2. I like the Golf analogy. However, I'd like to make a football analogy. Similar, but a little distinct, and a little more extreme, and therefore I think fits better.

Pretty much any football game, the halftime score isn't that important most of the time. That is, if you tell me USC is beating Bama by 7-0 at halftime, you're basically telling me *nothing* about the outcome. I'd say this is probably going to be the case up to around a 17 point difference. Witness UT coming back against LSU this year, and UT has had a horrible season.
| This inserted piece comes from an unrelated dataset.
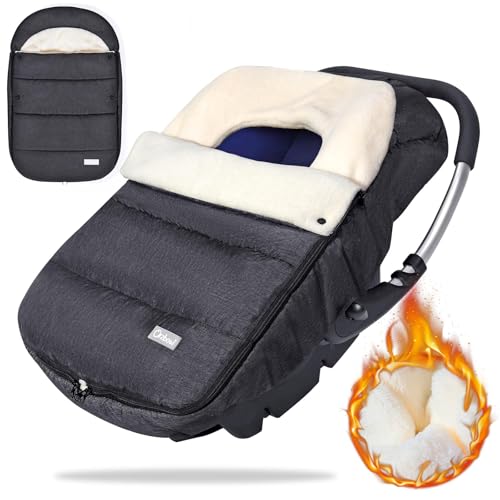 Orzbow Nid Dange Siege Auto Universelle,Imperméable Chanceliere Siege Auto Bebe Hiver avec Collier Réglable,Doublure Chaude en Polaire Corail,Fermeture Éclair,Amovible,Lavable en Machine (Gris Foncé)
So, what I'm saying is, doubling up early on is pretty useless. I mean, it's nice, it feels good, but ultimatly, in the grand scheme of information that you're talking about, it's really not important, at all. Anything could happen, the next hand you could lose with AA against AK AI PF. You could get moved to a table with all pros and be at the ONE table without bad players.

If say in the first 5 hands you have doubled up each time, yeah, then it starts to matter. But until you can really say you have a *dominating* chip stack, I dont think your expectation changes significantly. Having twice everyone else's stack just isn't that big a deal. Things will be evened out in an hour.

3. Furthermore, I think expectation calculations are pretty much useless. As they say in commercials for mutual funds, past performance does not indicate future success. but nevermind that, even if your ROI is a certain number of a lot of tournaments, I just view it as useless to try to calculate expectation. You play the best game you can and hope to do well.

[MLG]

Hi Mason:

[ QUOTE ]
Hi TV:

I don't think so. Using Harrington terminology, there is no question that when your M is 10 you have playing advantages over opponents whose M is 5. But when your M is 80, I don't believe you have any advantages over someone whose M is 40.

Best wishes,
Mason

[/ QUOTE ]

I strenuosly disagree with this. If nothing else having and M of 80 allows you to win twice as many chips as a player who's M is 40. Also, while this might not make itself apparent in any individual hand, the player with an M of 80 will be able to play more speculative hands until the blinds go up or his stack bleeds away than the player with the M of 40 will. So, he in effect has twice as many opporunities to flop a big hand and win a big pot and further grow his stack. Those are the two issues that come to mind immediately but there may be more.

Best wishes,
Mike

[El Diablo]

I just wanna chime in to repeat what has already been said (just because some people are prone to discount posts from "lesser-known" posters). Very nice post.

[AtticusFinch]

[ QUOTE ]
Hi Atticus:

Your example may not be relevant since it effectively ends the tournament. In my question knocking one person out and you having double the chips really has no impact.

best wishes,
mason

[/ QUOTE ]

It says little about your particular problem, that's true. I just use it to illustrate the notion that the relationship between your stack size and your $EV is not a straight linear one, even in a WTA tourney.